I want to make sure I am getting this concept right:
In Hadoop the Definite Guide it is stated that: "the goal while designing a file system is always to reduce the number of seeks in comparison to the amount of data to be transferred." In this statement the author is referring to the "seeks()" of Hadoop logical blocks, right?
I am thinking that no matter how big the Hadoop block size is (64MB or 128MB or bigger) the number of seeks of the physical blocks (which are usually 4KB or 8KB) that the underlying filesystem (e.g. ext3/fat) will have to perform will be the same no matter the size of Hadoop block size.
Example: To keep numbers simple, assume underlying file system block size is 1MB. We want to read a file of size 128MB. If the Hadoop block size is 64MB, the file occupies 2 blocks.
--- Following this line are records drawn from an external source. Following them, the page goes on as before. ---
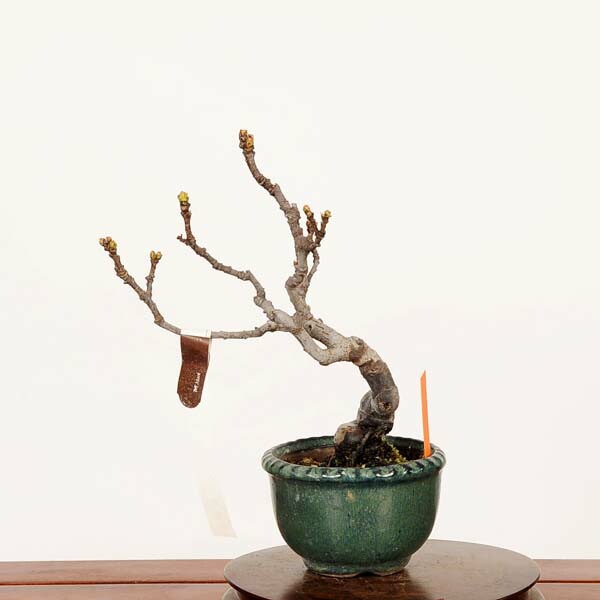 盆栽：花梨(かりん)*現品 一点物 カリン Pseudocydonia sinensis Karin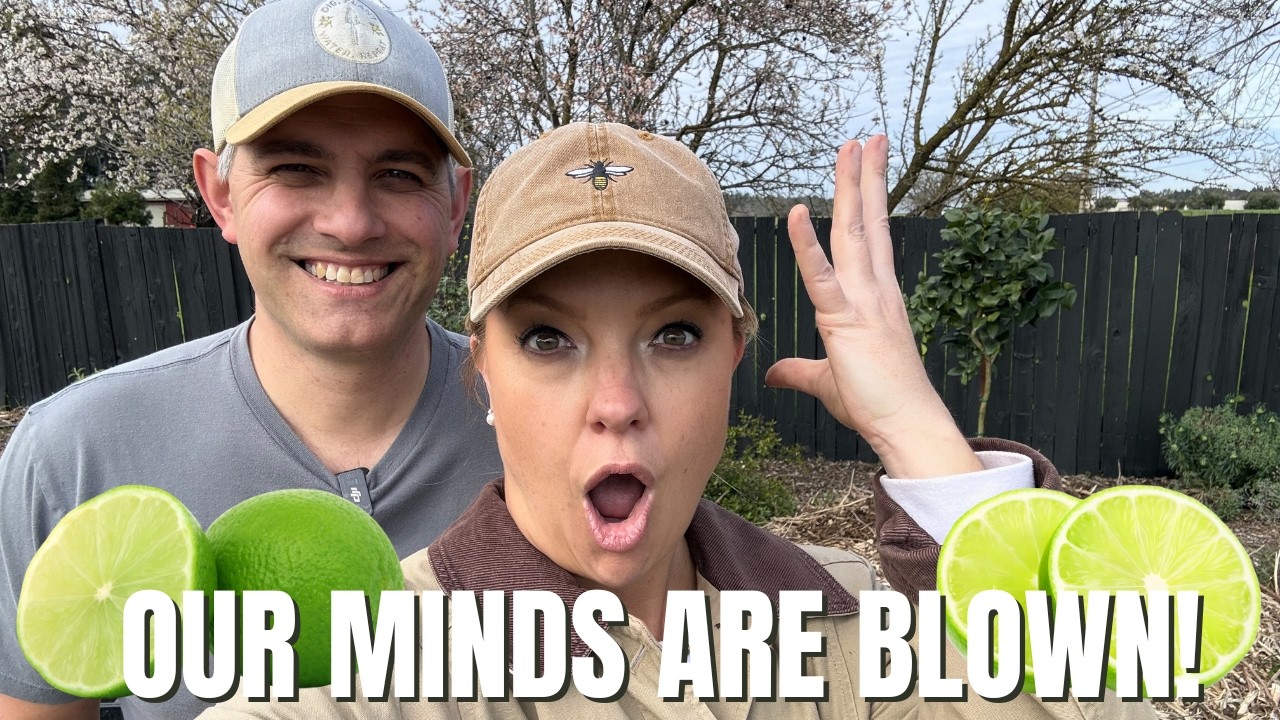 Planting a Lime Tree in Our Orchard Garden (Plus Blowing Our Minds with Surprising Lime Facts!😆)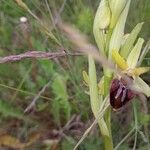 Ophrys sphegodes Floare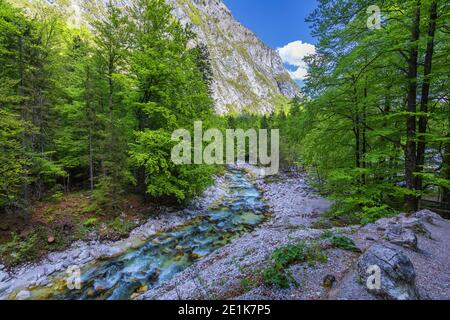 Cold Mountain Stream aus Wasserfall Savica, Fluss Sava in der Nähe von Lake Bohinj, Slowenische Alpen, Slowenien. Der Sava Bohinjka ist ein Oberlauf des Flusses Sava Stockfoto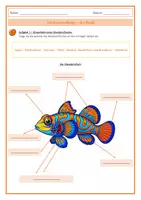 Vorschau - Arbeitsblätter - Tierbeschreibung_der Fisch - Deckblatt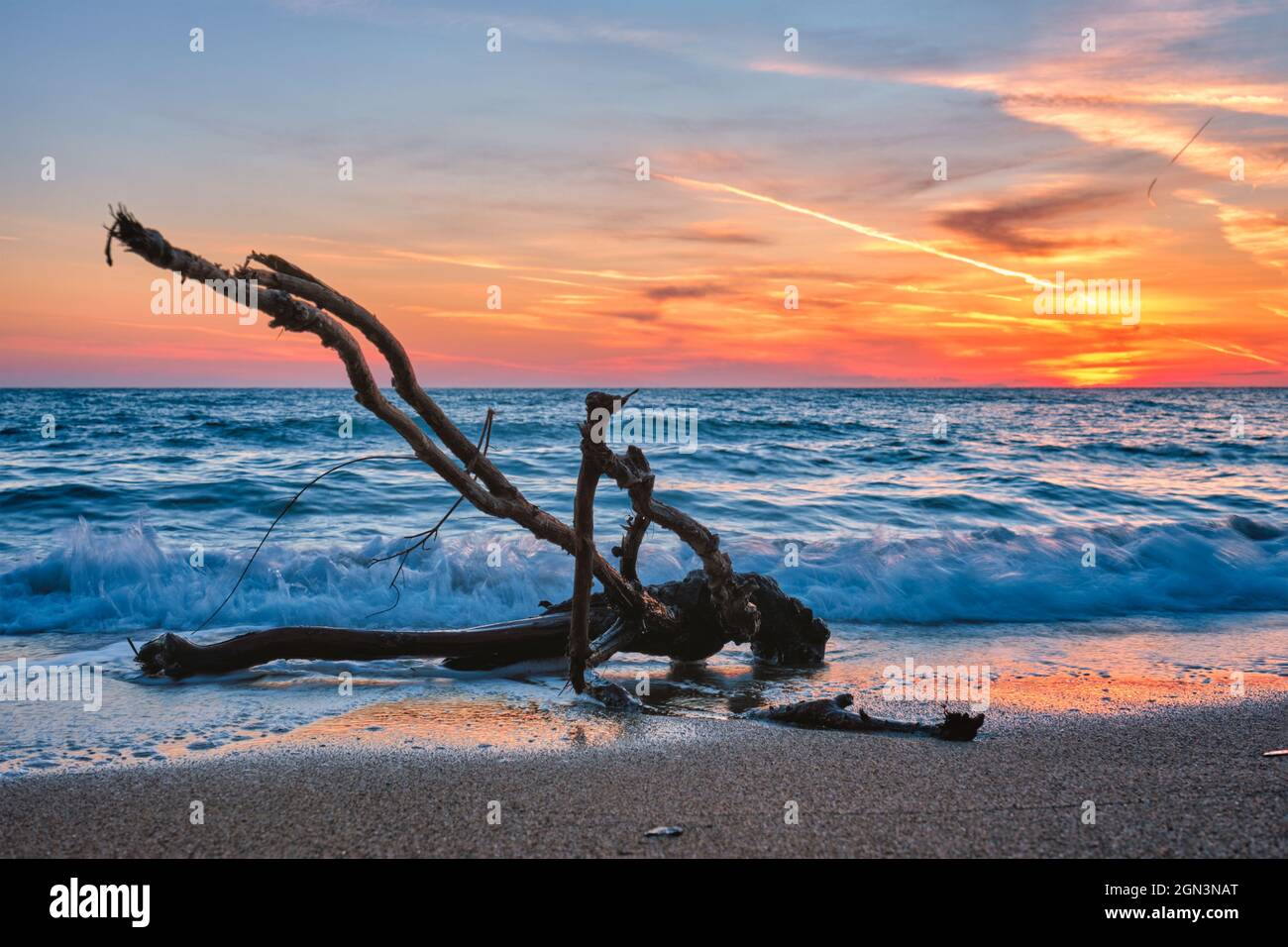 ld wood trunk snag in water at beach on beautiful sunset Stock Photo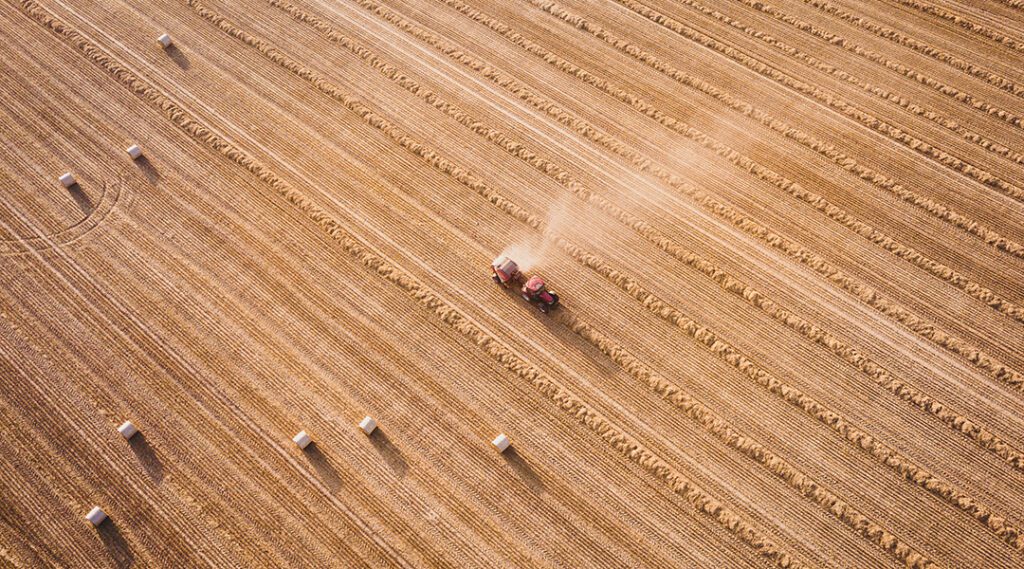 Farming under solar panels: The promise of agrivoltaics in the fight for net-zero Ivan Bandura V5 Pmz1vzrg Unsplash.jpg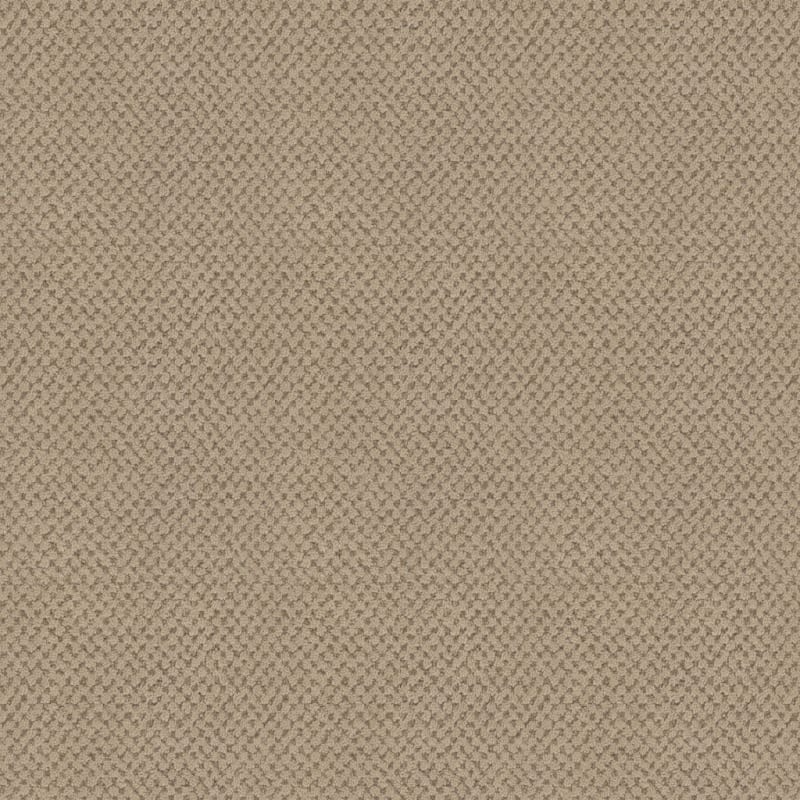 La Parade carpet by Masland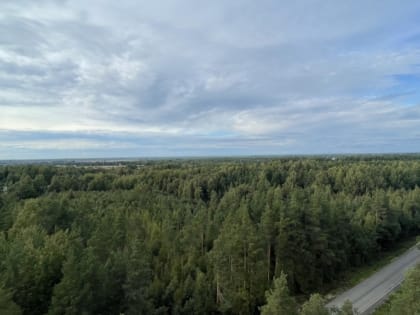 Ленинградская область вышла на второе место в России по эффективности управления лесами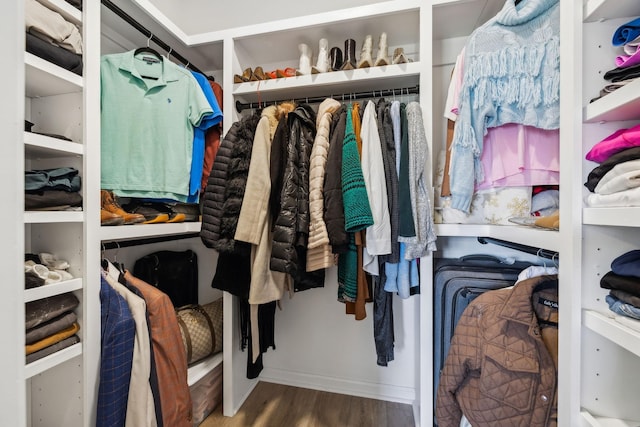 walk in closet with wood-type flooring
When reading there are 128 seeks. if the Hadoop block size is increased to 128MB, the number of seeks performed by the files system is still 128. In the second case, Hadoop will perform 1 seek instead of 2.
Is my understanding correct?
If I am correct, a substantial performance improvement by increasing block size will only be observed only for very large files, right? I am thinking that in the case of files that are in the 1~GB size range, reducing the number of seeks from ~20 seeks (64MB block size) to ~10 seek (128MB block size) shouldn't make much of a difference, right?